Seçimlere katılmak bir vatandaşlık hakkı ve görevidir ve de yurttaş olmanın gereğidir. 18 yaşını dolduran her Türk genci seçme hakkına sahiptir.
Demokrasiyi yaşatabilmekte siyasal kültür ve siyasal bilinç son derece önemlidir. Her seçmenin oyunu sorumluluk bilinciyle kullanması gerekir. Oy kullanmak analitik düşünce gerektirir. Seçmenlerin, siyasilerden beklentileri vardır. Sorumluluk bilincine sahip olan seçmen ülkesinin, hakka, hukuka, dürüstlüğe, ahlaka riayet eden, ülkenin sorunlarına duyarlı, ilkeli, güven veren, siyasetçiler tarafından yönetilmesini bekler. Seçmenler, seçtikleri yönetimlerin yanlışlarının ve ülkeye ve topluma verdikleri zararların ortağıdır. Destekledikleri partiyi sorgulamadan, vaat ettikleri ile yaptıklarını karşılaştırmadan, “benim partim ne yapsa iyidir” ya da “partimin yanlışı benim doğrumdur” mantığı ile yanlışlardan doğru çıkarmaya çalışmak, demokrasinin özüne zarar verir. Yaygın söylemiyle, “takım tutar gibi parti tutmak” doğru değildir.
Ayrıca oy toplamasını bilen herkesin devleti, siyasi ahlak kuralları çerçevesinde, akılla, vicdanla, adaletle, vatan sevgisiyle yöneteceği zannedilir. Ne var ki pratikte bunun her zaman doğru olmadığı görülmektedir. Örneğin, son yılarda gün geçmiyor ki siyasilerin içinde olduğu, usulsüzlük, yolsuzluk, kayırmacılık, haksız iktisap iddiaları medyada yer almasın.

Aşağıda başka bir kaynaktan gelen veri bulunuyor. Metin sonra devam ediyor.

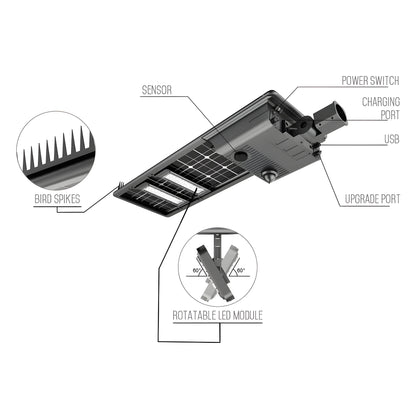 AVS Energy Solar LED Street Light 30 Watt 6091 Lumens 5000K Smart Street Light Parking Lot Light Solar All in One Street Light  - AVS-AI1SE-30W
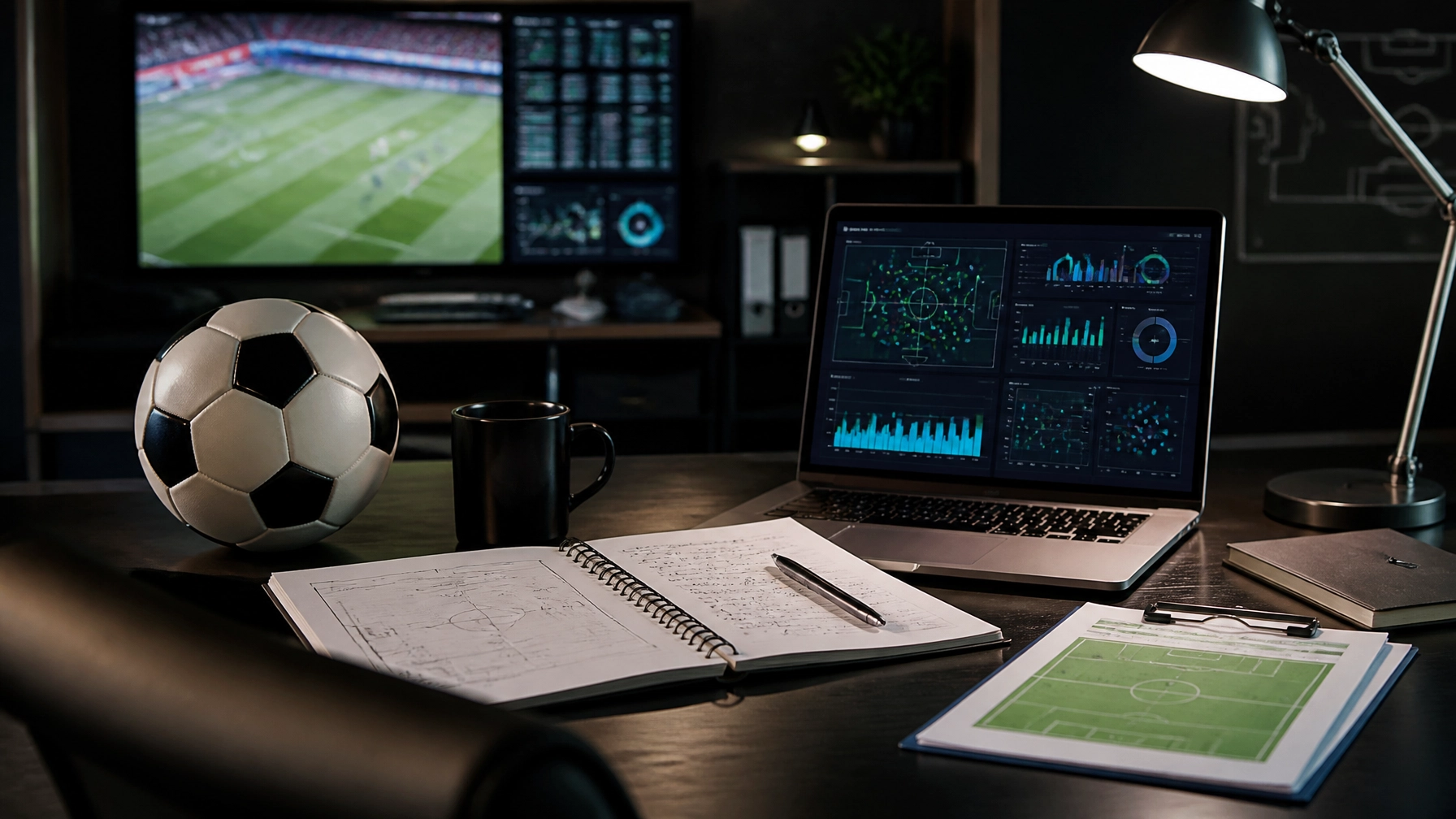 Fußballanalyse am Schreibtisch mit Statistikdaten und Spielgrafik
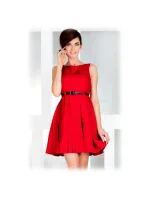 Dámske spoločenské šaty FOLD so skladmi a opaskom stredne dlhé červené - Červená - Numoco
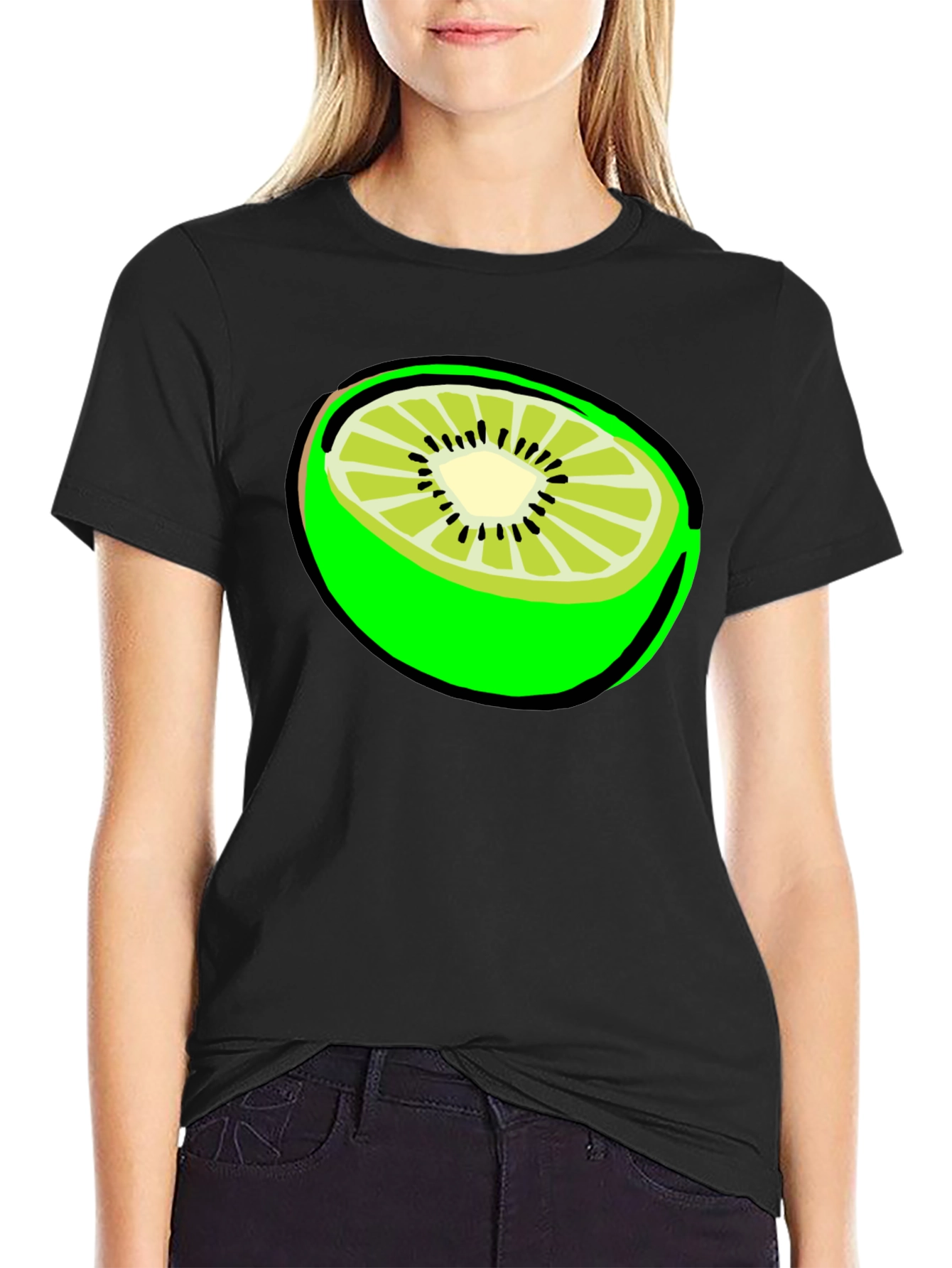 Kiwi Slice Graphic Tee - Black Cotton T-Shirt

Bu ahvalde Haziran 2023’te yapılacak genel seçimlere aylar kaldı ve Türkiye resmen bir seçim iklimine girdi. Her seçim önemlidir, her seçim belirleyicidir. Ancak 2023 seçimleri Türkiye’nin içinde bulunduğu ağır ekonomik, mali ve sosyal koşullarda hiç olmadığı kadar yaşamsal öneme sahiptir. Şüphesiz ki ülkenin içinde bulunduğu sorunlar, mevcut yönetimden kaynaklanmaktadır. Ülkenin kaynakları, rantçılara ve zenginlere harcandı. Akıl, bilim, vicdan, plan ve programdan uzak uygulamalar milleti temel ihtiyaçlarını dahi karşılayamaz duruma getirdi. Her gün benzine, mazota, elektriğe, suya, telefona, internete, kiralara, uçak, tren, otobüs gibi ulaşım araçlarına ve ilaca zam geliyor. Ucuz ekmek ve ucuz et kuyrukları eksik olmuyor. Esnaf, çiftçi, memur, işçi, emekli perişan. Ayrıca ülkemiz, mülteci adı altında, merhamet duyguları ve din kardeşliği gölgesinde Suriye, Afganistan ve de diğer birçok ülkeden gelen yabancıların istilası altında. Fabrikalar, sanayi tesisleri, madenler, limanlar, barajlar, kömür santralleri, kıyılar, yaylalar, en nadide vatan toprakları yabancılara satıldı. Eğitim çöktü, halk fakirleşti, genç işsizlik hat safhada, yoksulluk diz boyu. Hem devlet borçlu hem de vatandaş borçlu.
Bu bağlamda Elazığ seçmeninin oyunu, 20 yıldır tek başına ülkeyi yöneten iktidar partisinden yana kullanması, Elazığ’a “çantada keklik” gözü ile bakılmasına neden oldu. Elazığ bir deprem felaketi yaşadı, “Allahtan geldi, kader, sabır” söylemleri ile iktidar olmanın sorumluluğundan kurtulmaya çalışıldı. Vaatler yerine getirilmedi. İktidar milletvekilleri ne halkın dertlerini dinlediler ne de Elazığ’ın sorunlarını Meclis’te dile getirdiler. Elazığ sahipsiz kaldı. Kendi maaşının artırılmasını isteyen bir Elazığ milletvekili vatandaşa, “bir kilo yerine iki domates alın” dedi. Velhasıl bu sistemden kurtulmak için her Türk vatandaşı gibi Elazığ seçmeninin de demokrasi için sorumluluk alma zamanıdır, oyunu kullanmadan önce on kez değil yüz kez, yüz kez değil bin kez, bin kez değil bir milyon kez düşünmelidir!